Every conversion I've seen for finding the axis and angle $\theta$ of a rotation from a rotation matrix $\mathbf{R}$ uses
$tr (\mathbf{R}) = 1+2\cos{\theta}$
and then inverting by way of $\cos^{-1}$. But $\cos{\theta}=\cos{(-\theta)}$. Therefore, if the only information we really have is $\cos\theta$, the rotation angle could be $\theta$, or just as easily, $-\theta$. The only ways I have figured to solve the ambiguity are rather clunky. Is there a short, straightforward way to do it?
You should take into account that matrix $R(v,\theta)=R(-v,-\theta)$.
So we have two possibilities $v$ and $-v$ for the axes and appropriately two possible values of the angle which have the same $cos(\theta) $ value.

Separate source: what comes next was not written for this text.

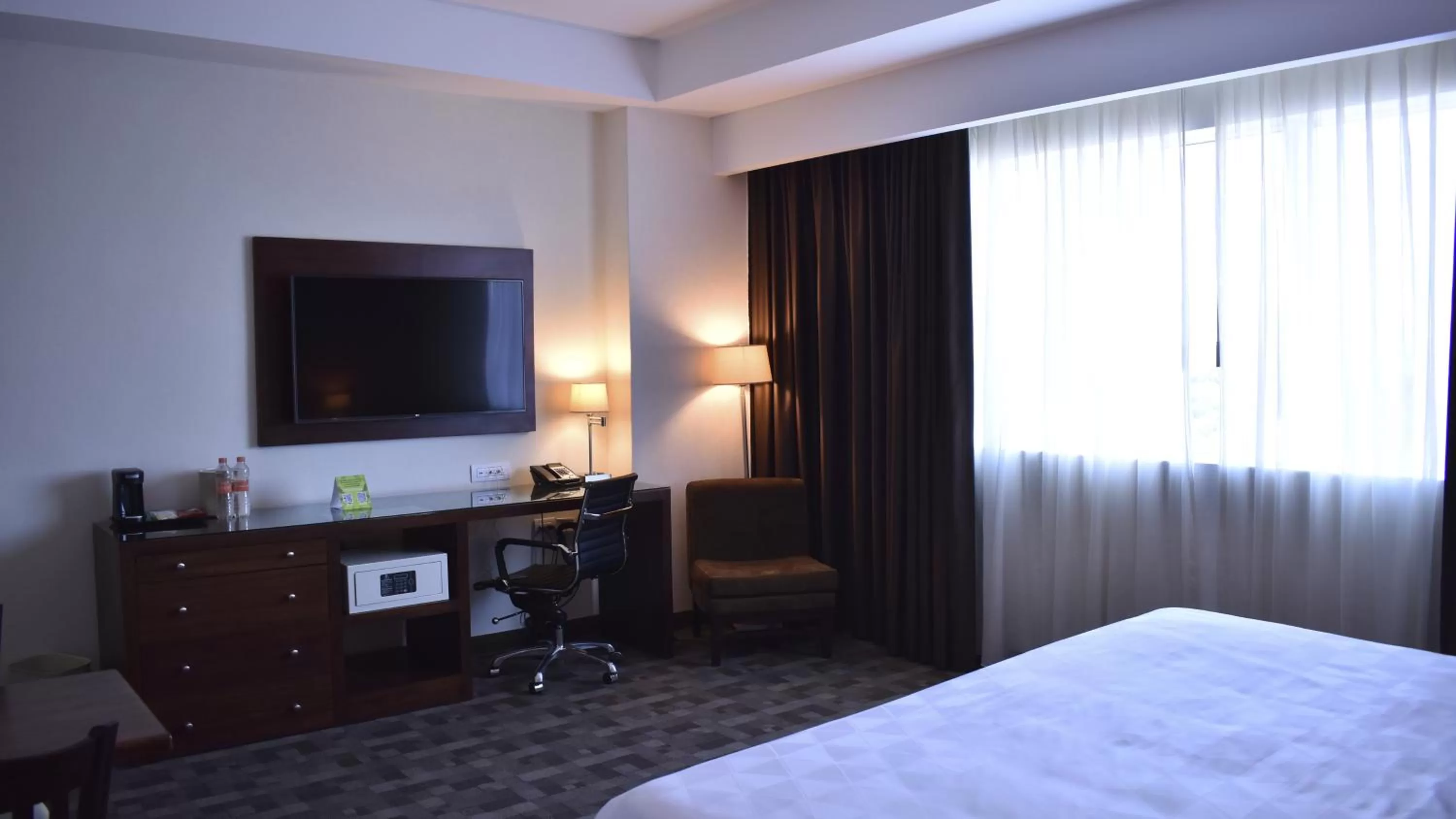 Bed in Holiday Inn & Suites Plaza Mayor by IHG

You can calculate the axis from the formula: $v= {\dfrac {1}{2sin(\theta)}}\begin{bmatrix} r_{32}-r_{23} \\ r_{13}-r_{31} \\ r_{21} -r_{12} \end{bmatrix}$ where $r_{ij}$ are appropriate entries of $R$ matrix, so you see from this formula that changing sign of the angle $\theta$ changes sign of $sin(\theta)$ and consequently orientation of $v$ vector.